A GWANDA man has lodged a complaint against Speaker of the National Assembly, Jacob Mudenda over a petition he sent to Parliament calling for Matabeleland region to be declared a separate state in terms of the pre-1893 colonial boundaries, which was dismissed by the Speaker.
BY NQOBANI NDLOVU
In his petition dated September 1, Ndaniso Mpande had pleaded with Parliament to call for a referendum whereby people would then decide whether there should be separation of Matabeleland and restoration of pre-1893 colonial boundaries.
But the National Assembly threw away the petition after the Speaker made a ruling saying that “the petition was deemed inadmissible and the petitioner was notified accordingly”.
Mpande, however, in his letter of complaint dated October 21, expressed dissatisfaction over Mudenda’s ruling.
“Now I am asking for that written notification be given with reasons. I am told the letter is missing. I do hereby register a complaint to you that I am not happy with the way my petition was handled in Parliament,” the letter read.
In his petition, Mpande claimed that Matabeleland pressure groups and political parties such as Moses Mzila-Ndlovu’s Alliance for National Salvation and the secessionist Mthwakazi Republic Party were in support of his petition.
“A Bill must be drafted in terms of the Fifth Schedule (section 130 and 131) part 2(1) of the Zimbabwe Constitution Amendment Bill (No 20) ACT 2013 to give the people of Matabeleland region a chance to choose if they want self-determination and to restore the 1893 boundary or to continue through a process of a referendum. The Bill must be enacted into law in terms of Chapter (6) part 6 section 131(8),” the petition reads.
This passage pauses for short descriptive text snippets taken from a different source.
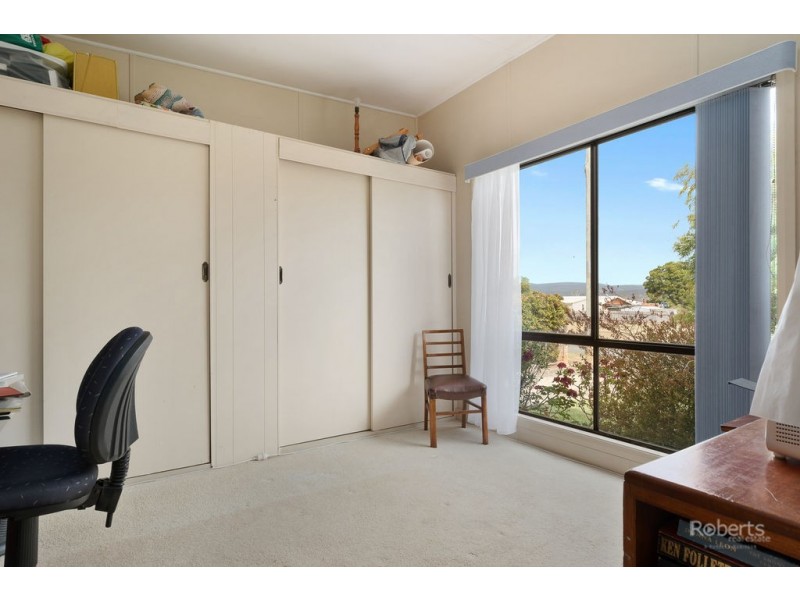 19 Shaw Street, Swansea TAS 7190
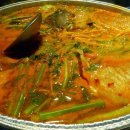 최우영수산 이미지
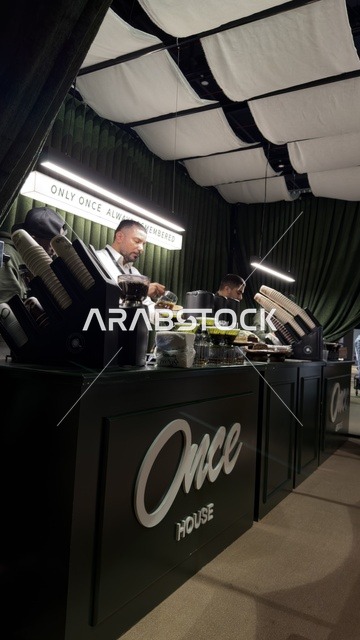 ايفنت لمتنا في معرض اكسبو في مدينة الظهران , سوق شعبي تراثي, بازار  وانشطه ترفيهيه عائليه في المملكه العربيه السعوديه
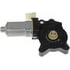 Dorman 742-776 Window Motor Power Window Lift Motor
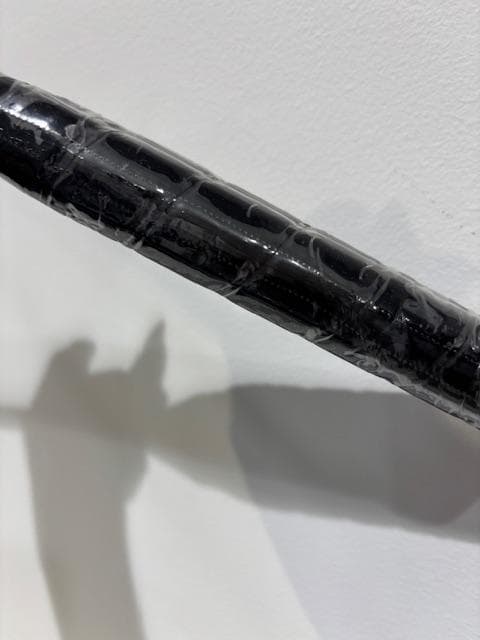 YONEX NR-GZ バドミントンラケット NANORAY GLANZ 4U5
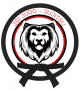 Logo J.SPORT D IRIGNY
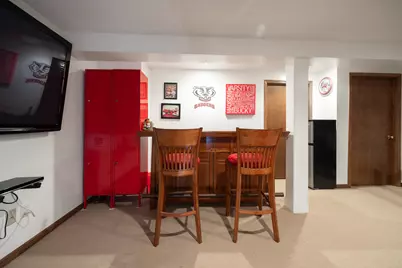 1440 W Mario Ln, Oak Creek, WI 53154 - Photo 20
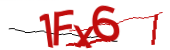 Enter the character string shown in the picture
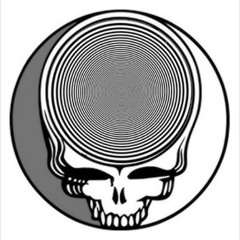 SESSION DE LA TRIBU NOCTURNE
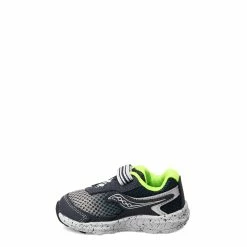 Boy's Saucony, Ride 10 JR Sneaker - Toddler 12 Boy's Saucony, Ride 10 JR Sneaker - Toddler -Anuschka shop 1 2213700 ZM 3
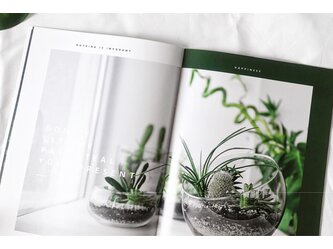 Everprint Light Coated
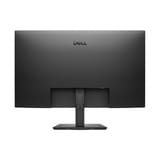 Màn hình Dell 27 inch E2725HM - ảnh 4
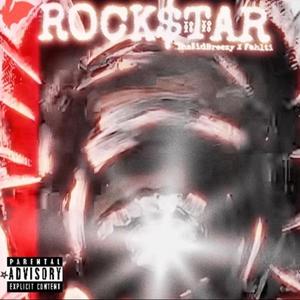 Rock$tar (feat. Fahlti)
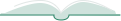 0.png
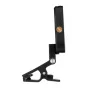 LED Phone Light - Newell Sunny LED light for smartphone - buy today in Master Foto store and with delivery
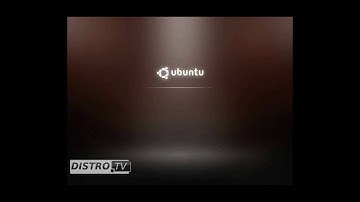Ubuntu 10.04 LTS (Lucid Lynx) Daily Build - first look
Government has argued that Zimbabwe is a unitary State amid calls for a Ndebele monarch and secession.
Mpande said the continued refusal by authorities to address the issue of pre-colonial boundaries will continue fuelling tribalism.
“The petition of the undersigned is mindful of the fact that the call for restoration of boundaries as it was in 1893 is rising each day and continues dividing the people of present Zimbabwe that makes tribalism and hate speech part of our living.
“That is and has promoted mistrust in our working environments, in socialisation, in sporting competitions and that also affects the security stability.”